Indiscriminately sending announcements to editors can be disruptive for any number of reasons. If the editors are uninvolved, the message has the function of "spam" and is disruptive to that user's experience.
However, that policy was written to address canvassing others to discussions, so it is difficult to gauge how relevant it is with regards to soliciting participation for research. However, if you target your messages to users then it would no longer be indiscriminate. For instance, you could message users at Category:Wikipedia bot operators (since they may use LLMs to help generate code), Category:Wikipedian translators (who might use LLMs to assist translation), Category:User en-1 (who might use LLMs to assist their English). I also think any user who has participated in a discussion on LLMs would be fine to message, WT:Large language models has a list of past and current discussions on LLM usage.
Looking back through previous discussions it seems most people advise researchers to solicit participants by posting to Wikipedia:Village pump (miscellaneous) which received 12,000 views in the last 30 days, as well as any other relevant noticeboards or Wikiprojects (for instance WikiProject AI Cleanup). For the time being, I would recommend posting to the Village Pump, and other relevant pages, and selectively choosing which users to individually message based off a potential interest in LLMs.
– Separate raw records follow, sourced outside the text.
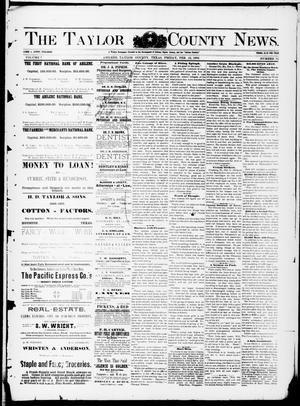 Primary view of object titled 'The Taylor County News. (Abilene, Tex.), Vol. 7, No. 52, Ed. 1 Friday, February 19, 1892'.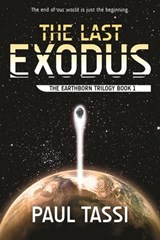 The Last Exodus - Paul Tassi - 9781473232013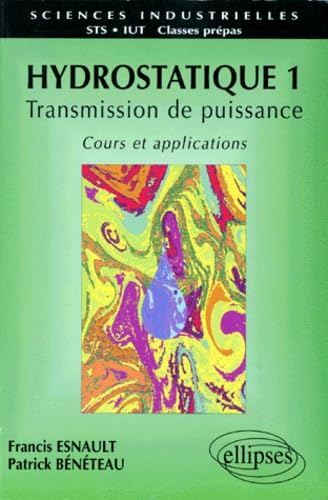 9782729847777: Hydrostatique, tome 1 : Transmission de puissance, cours et applications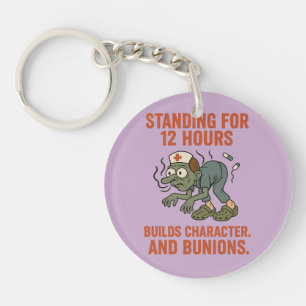 Sarcastic Funny Zombie Standing for 12 hrs. Med Keychain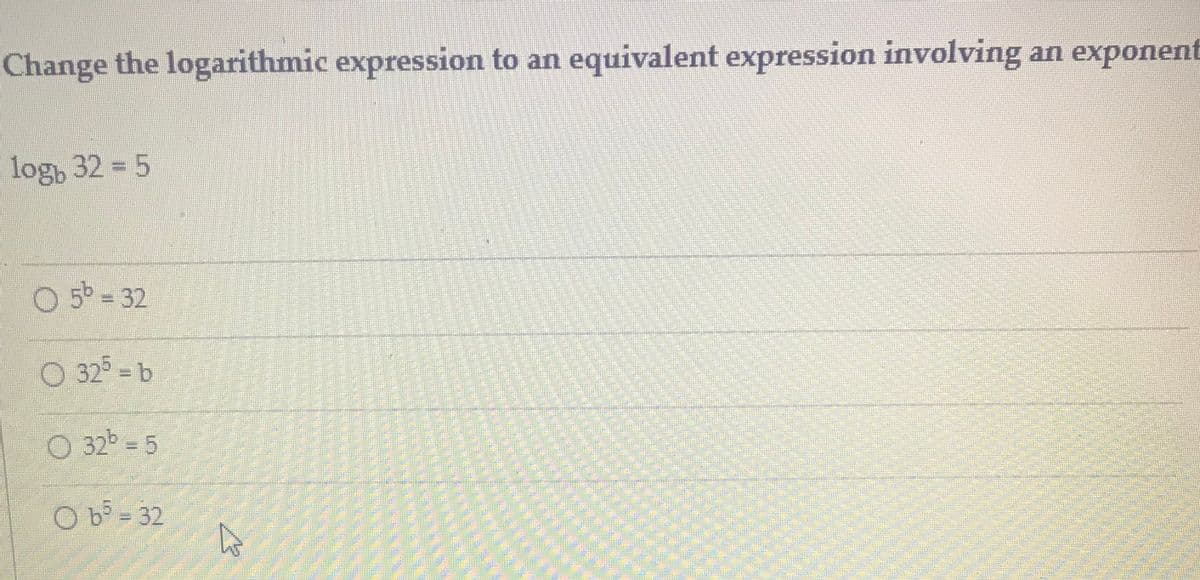 Change the logarithmic expression to an equivalent expression involving an exponent
log, 32 5
O 5b = 32
O 325 = b
O 325 = 5
O b - 32
****
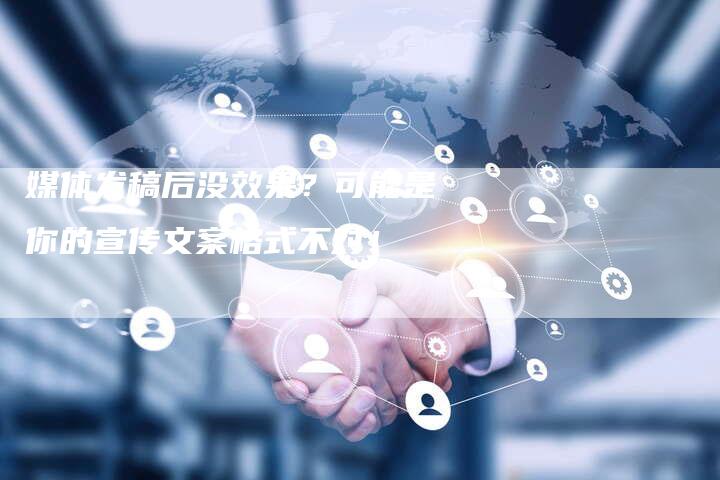 媒体发稿后没效果？可能是你的宣传文案格式不对！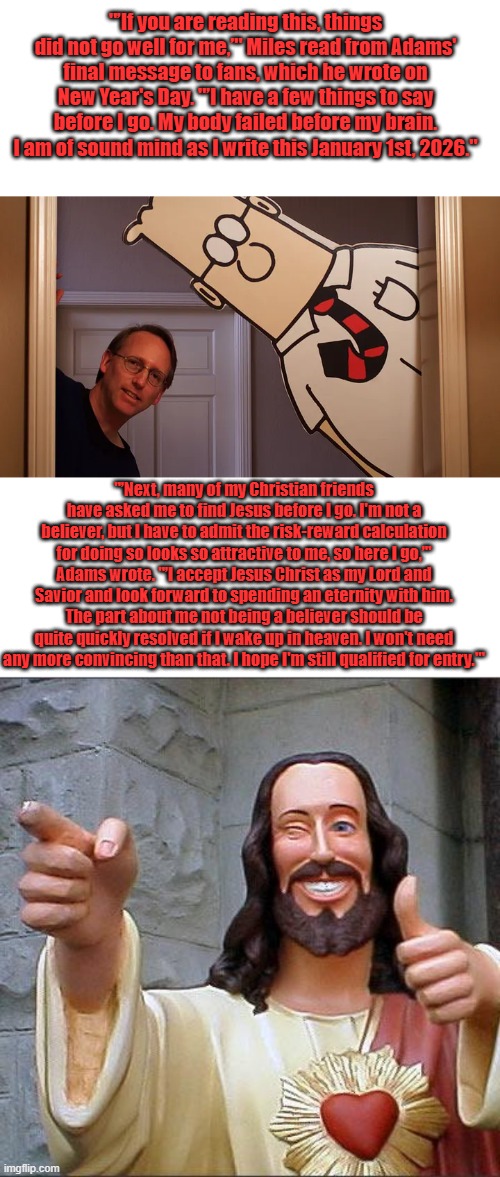 "’If you are reading this, things did not go well for me,’" Miles read from Adams' final message to fans, which he wrote on New Year's Day. "’I have a few things to say before I go. My body failed before my brain. I am of sound mind as I write this January 1st, 2026."; "’Next, many of my Christian friends have asked me to find Jesus before I go. I'm not a believer, but I have to admit the risk-reward calculation for doing so looks so attractive to me, so here I go,’" Adams wrote. "’I accept Jesus Christ as my Lord and Savior and look forward to spending an eternity with him. The part about me not being a believer should be quite quickly resolved if I wake up in heaven. I won't need any more convincing than that. I hope I'm still qualified for entry.'" | image tagged in memes,buddy christ | made w/ Imgflip meme maker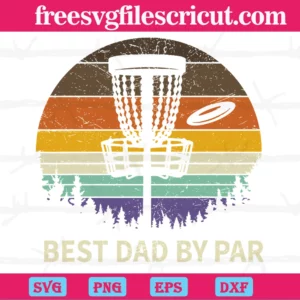Best Dad By Par Father'S Day, Layered Svg Files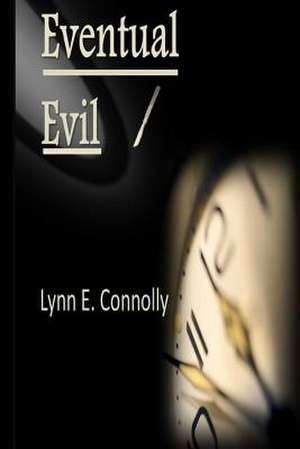 Eventual Evil de Lynn E. Connolly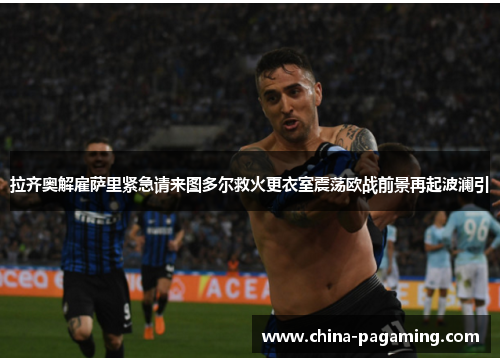 拉齐奥解雇萨里紧急请来图多尔救火更衣室震荡欧战前景再起波澜引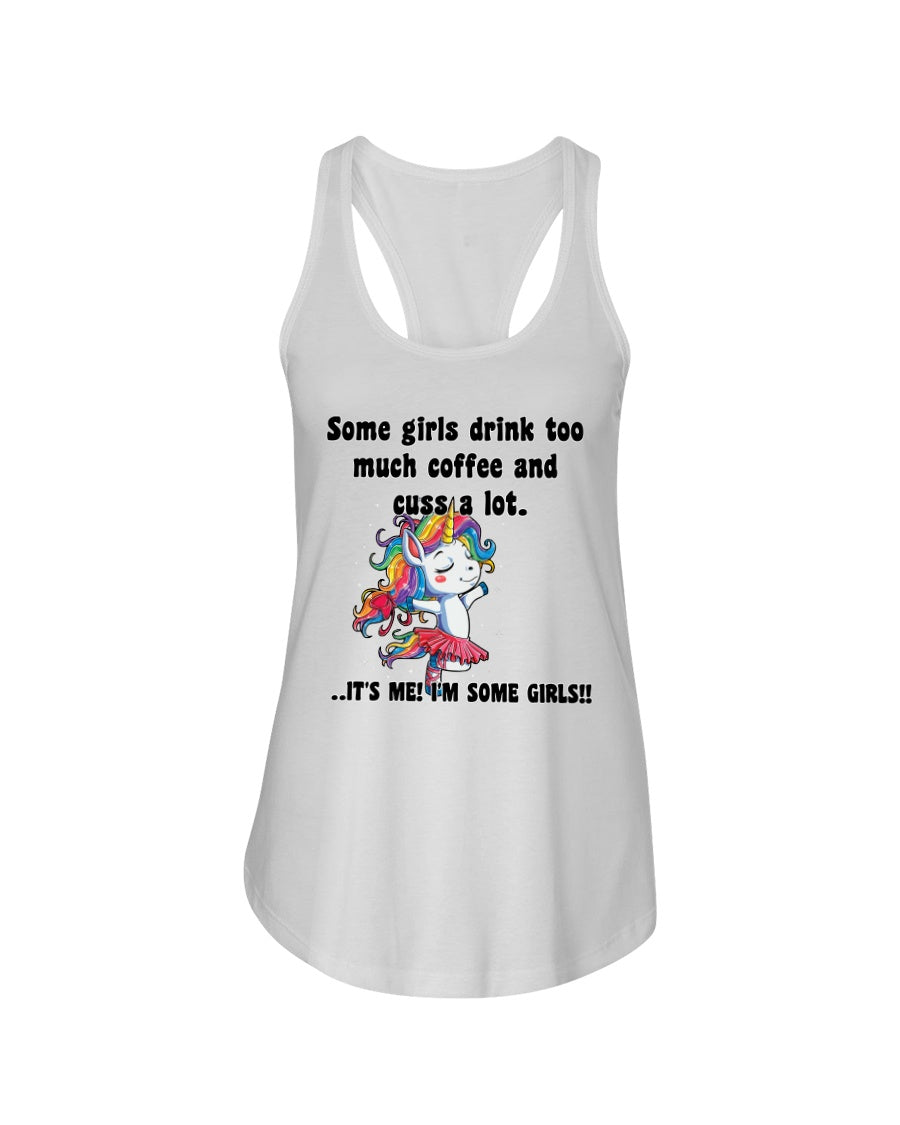 Some girls drink too much coffee and cuss a lot. mug or shirt or tote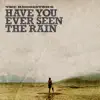 The Reggister's - Have You Ever Seen the Rain - Single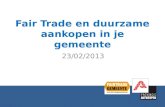 Fair Trade en duurzame aankopen in je gemeente 23/02/2013.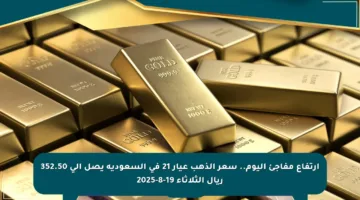 ارتفاع مفاجئ اليوم.. سعر الذهب عيار 21 في السعودية يصل إلى 352.50 ريال الثلاثاء 19-8-2025
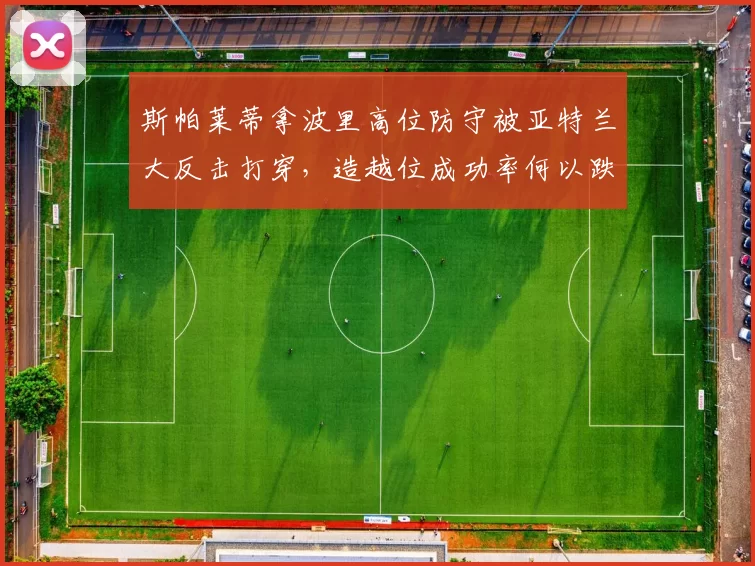 斯帕莱蒂拿波里高位防守被亚特兰大反击打穿，造越位成功率何以跌至联盟末流？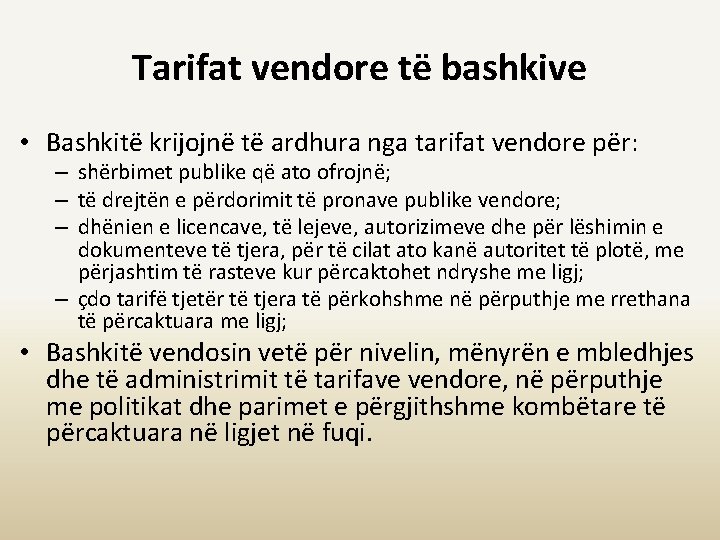 Tarifat vendore të bashkive • Bashkitë krijojnë të ardhura nga tarifat vendore për: –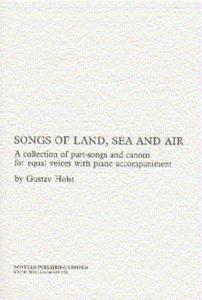 Holst: Songs Of Land, Sea And Air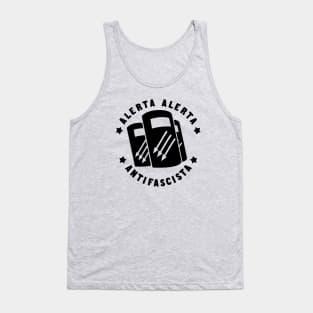 Alerta Alerta Antifascista Tank Top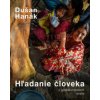 Hľadanie človeka v globalizovanom svete / Searching for the Human in a Globalized World - Dušan Hanák Hľadanie človeka v globalizovanom svete / Searching for the Human in a Globalized World - Dušan Hanák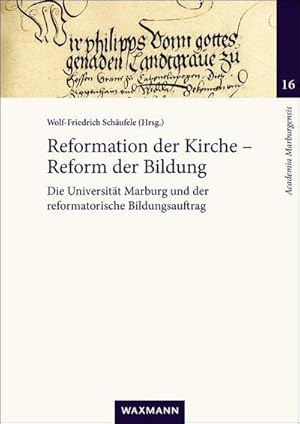 Immagine del venditore per Reformation der Kirche - Reform der Bildung : Die Universitt Marburg und der reformatorische Bildungsauftrag venduto da AHA-BUCH GmbH
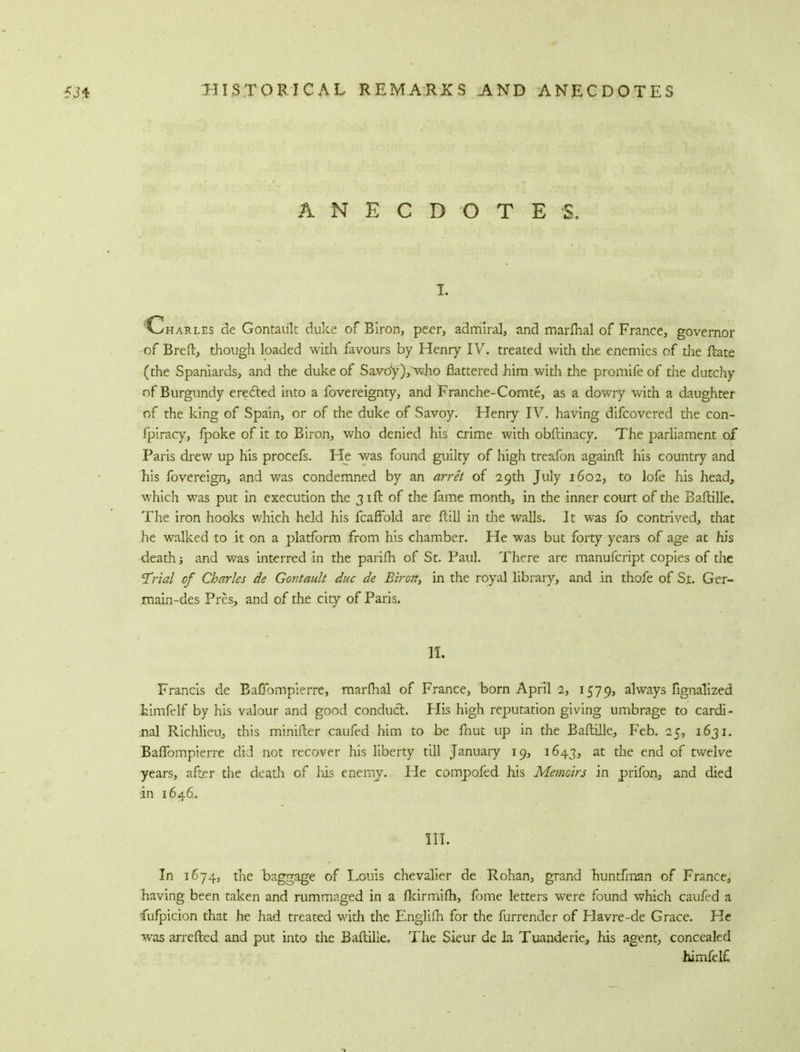 ANECDOTES, 1. 'Charles de Gontaiilt duke of Biron, peer, admiral, and marfhal of France, governor of Bred, though loaded with favours by Henry IV. treated with the enemies of the ftate (the Spaniards, and the duke of Savoy),who flattered him with the promife of the dutchy of Burgundy erected into a fovereignty, and Franche-Comte, as a dowry with a daughter of the king of Spain, or of the duke of Savoy. Henry IV. having difcovered the con- fpiracy, fpoke of it to Biron, who denied his crime with obftinacy. The parliament of Paris drew up his procefs. He was found guilty of high treafon againft his country and his fovereign, and was condemned by an arret of 29th July 1602, to lofe his head, which was put in execution the 31ft of the fame month, in the inner court of the Baftille. The iron hooks which held his fcaffold are dill in the walls. It was fo contrived, that he walked to it on a platform from his chamber. He was but forty years of age at his death j and was interred in the parifh of St. Paul. There are manufcript copies of the 7*rial of Charles de Gontault due de Biron, in the royal library, and in thofe of St. Ger- main-des Pres, and of the city of Paris. IT. Francis de Bafiompierre, marfTial of France, born April 2, 1579, always fignalized kimfelf by his valour and good conduct. His high reputation giving umbrage to cardi- nal Richlieuj this minifter caufed him to be fnut up in the Baftille, Feb. 25, 1631. Bafiompierre did not recover his liberty till January 19, 1643, at the end of twelve years, after the death of his enemy. Fie compofed his Memoirs in prifon, and died in 1646. III. In 1674, the baggage of Louis chevalier de Rohan, grand huntfman of France, having been taken and rummaged in a fldrmifh, fbme letters were found which caufed a Cufpicion that he had treated with the Englilh for the furrender of Havre-de Grace. He was arretted and put into the Baftille. The Sieur de la Tuanderie, his agent, concealed himfetf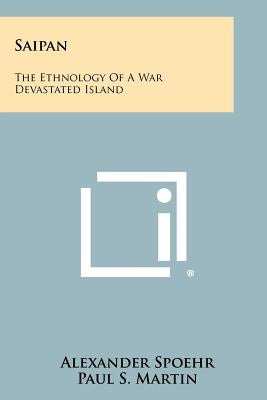 Saipan: The Ethnology Of A War Devastated Island by Spoehr, Alexander
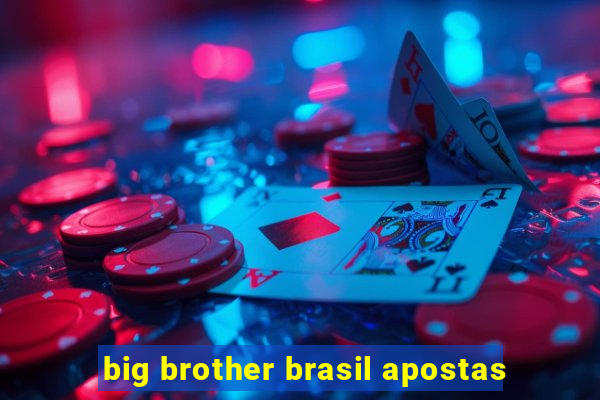 big brother brasil apostas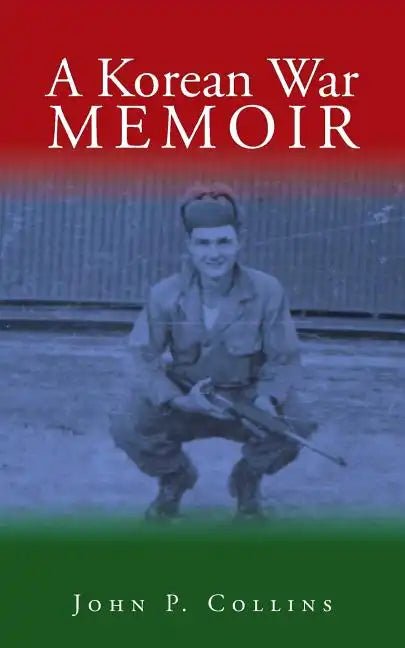 A Korean War Memoir - Paperback - Daebak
Photos of Japan (talk) 00:58, 23 January 2025 (UTC)[reply]
I would actually advise against sending multiple messages to users potentially interested. You can maybe mention in a post at Wikipedia:Village pump (miscellaneous) (not as an RfC) that you are doing a survey and see what you get in results. Will it be biased? Probably. But that might be the way to get responses without needlessly sending out spam messages. AwesomeAasim15:09, 23 January 2025 (UTC)[reply]
It's really subjective determining how many individuals you can message before it is considered disruptive. I wouldn't rule out contacting individuals entirely. Komonzia, for instance, created a userbox stating they use carefully use ChatGPT to research for and edit Wikipedia, so they seem like they would be fine to message. Photos of Japan (talk) 21:04, 24 January 2025 (UTC)[reply]
My name is starking. I am wrote an article about tendui village which is famous there. I am not written this article only for tourist purpose but also people who searching about this village can get more info about this village. As wikipedia is a info sharing place so, people can get info about this place.
I want to request you to public this info article.